** Opening Dataset excerpts block **
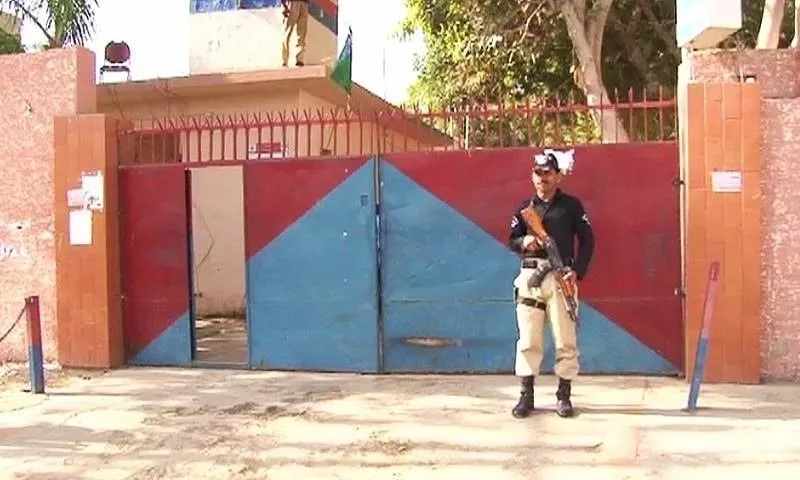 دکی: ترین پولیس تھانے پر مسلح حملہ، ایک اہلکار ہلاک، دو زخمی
** Closing Dataset excerpts block **
** Opening Dataset excerpts block **
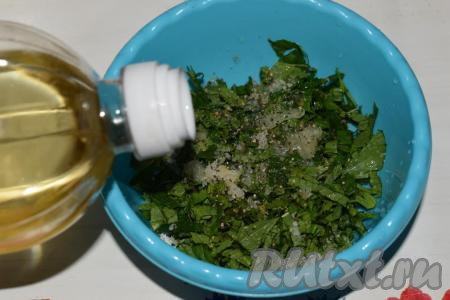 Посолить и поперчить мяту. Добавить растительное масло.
** Closing Dataset excerpts block **
** Opening Dataset excerpts block **
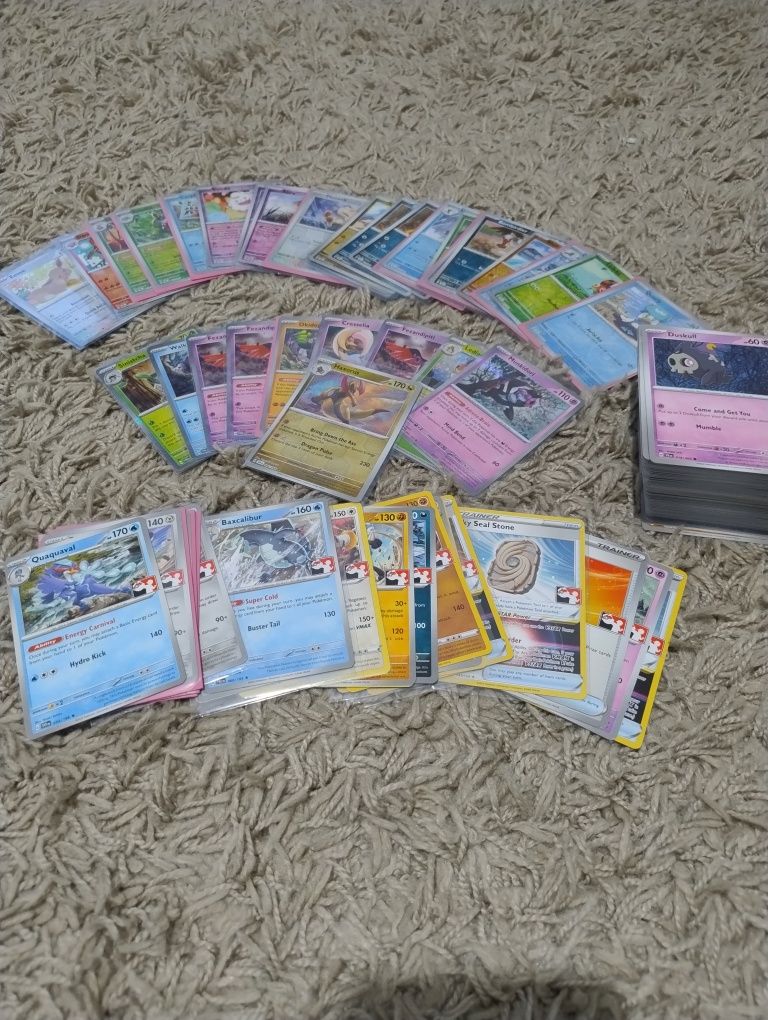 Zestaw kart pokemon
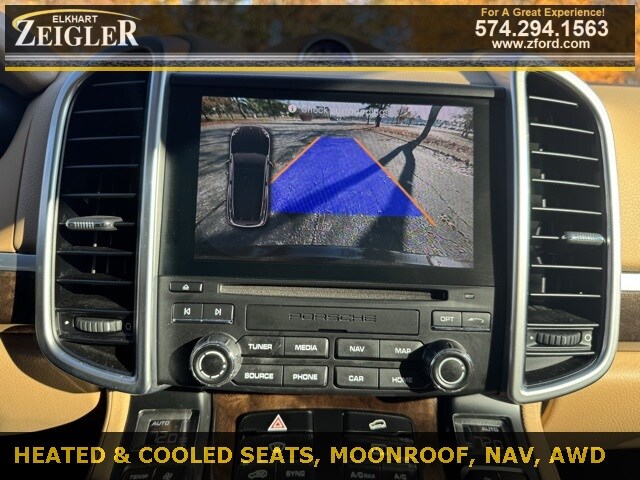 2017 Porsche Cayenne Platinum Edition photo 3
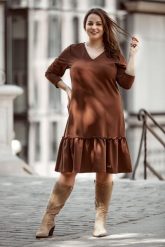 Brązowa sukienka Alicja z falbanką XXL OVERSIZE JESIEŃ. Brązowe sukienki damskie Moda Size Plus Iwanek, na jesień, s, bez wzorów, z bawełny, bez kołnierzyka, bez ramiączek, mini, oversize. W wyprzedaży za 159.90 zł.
** Closing Dataset excerpts block **
● Goal of the exercise:
Would you print exactly the lines in the listing above, from the line bearing "Zestaw kart pokemon" through the line bearing "Brązowa sukienka Alicja", leaving out all pictures?

● Solution for this problem:
 Zestaw kart pokemon
 2017 Porsche Cayenne Platinum Edition photo 3
 Brązowa sukienka Alicja z falbanką XXL OVERSIZE JESIEŃ. Brązowe sukienki damskie Moda Size Plus Iwanek, na jesień, s, bez wzorów, z bawełny, bez kołnierzyka, bez ramiączek, mini, oversize. W wyprzedaży za 159.90 zł.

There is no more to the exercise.